(DATA SUPPLIED):
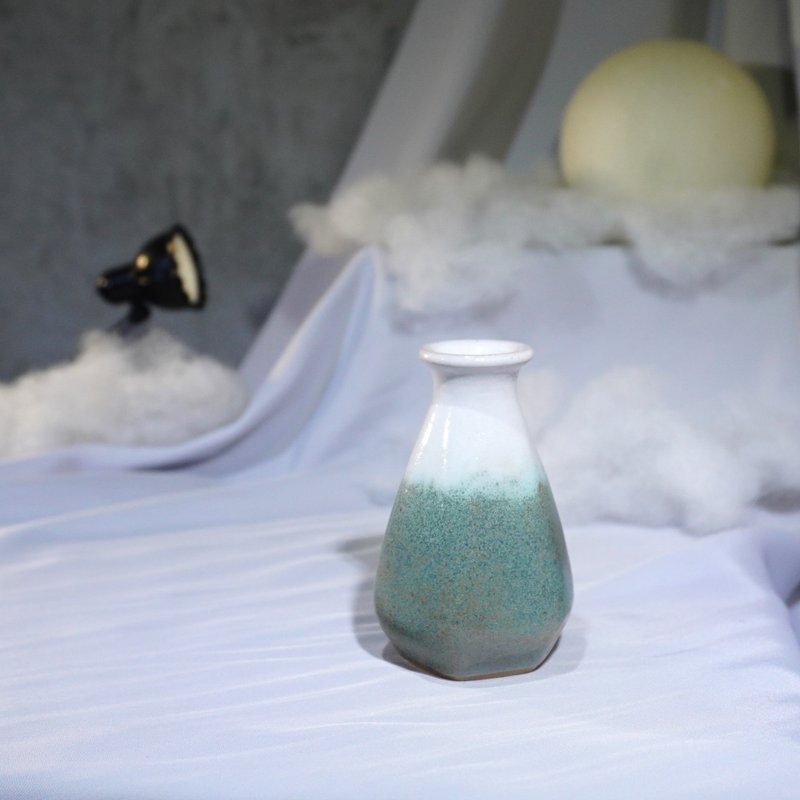 湛青六角小花瓶-容量约100ml - 花瓶/陶器 - 陶 多色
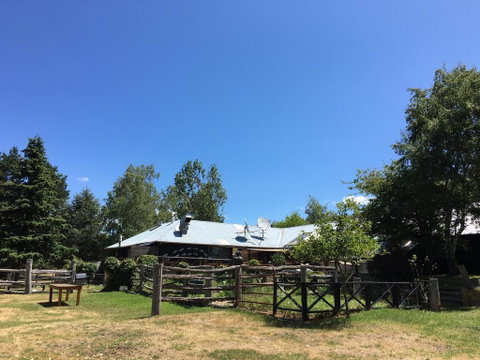 Crackenback Farm Guesthouse - Darwin Tourism 0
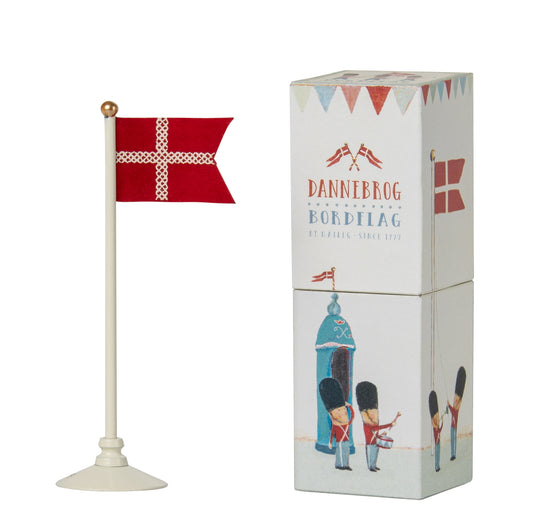 maileg-dannebrog-table-flag-small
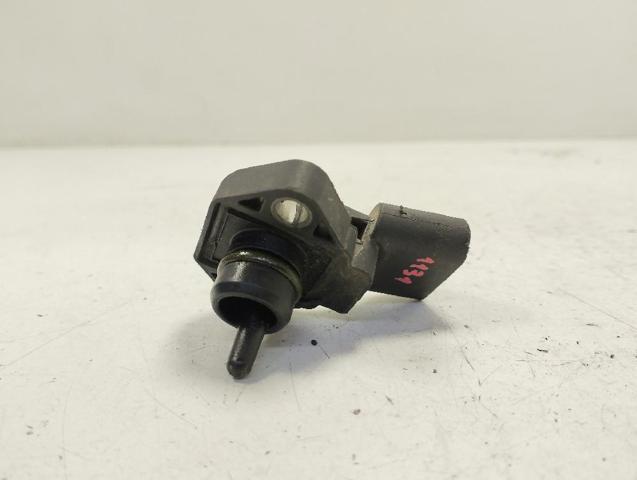 038906051 Sensor de presión de sobrealimentación  en stock Sabadell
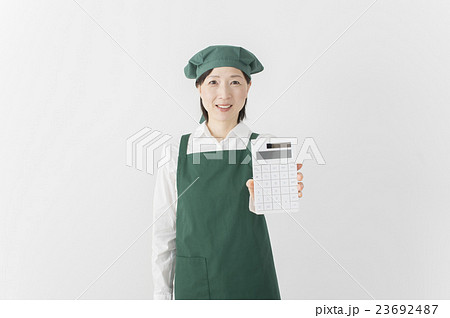 電卓を持つスーパー店員 23692487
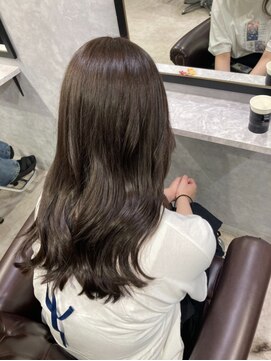 グラッジ 池袋(GLADGE) 艶感ベージュ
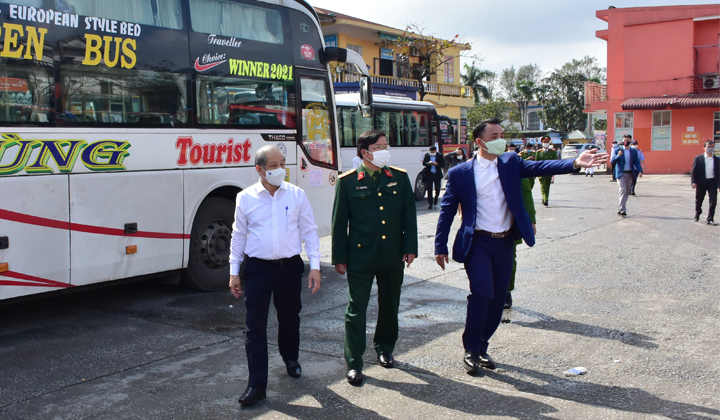Chủ tịch UBND tỉnh Thừa Thiên Huế Phan Ngọc Thọ đi kiểm tra tình hình phòng chống dịch Covid-19 tại khu vực Bến xe phía Nam TP Huế.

(WORK TASK):
Could you give all of the data again exactly as written, omitting any pictures?

(RESPONSE TO THE TASK):
 湛青六角小花瓶-容量约100ml - 花瓶/陶器 - 陶 多色
 Crackenback Farm Guesthouse - Darwin Tourism 0
 maileg-dannebrog-table-flag-small
 038906051 Sensor de presión de sobrealimentación  en stock Sabadell
 電卓を持つスーパー店員 23692487
 グラッジ 池袋(GLADGE) 艶感ベージュ
Chủ tịch UBND tỉnh Thừa Thiên Huế Phan Ngọc Thọ đi kiểm tra tình hình phòng chống dịch Covid-19 tại khu vực Bến xe phía Nam TP Huế.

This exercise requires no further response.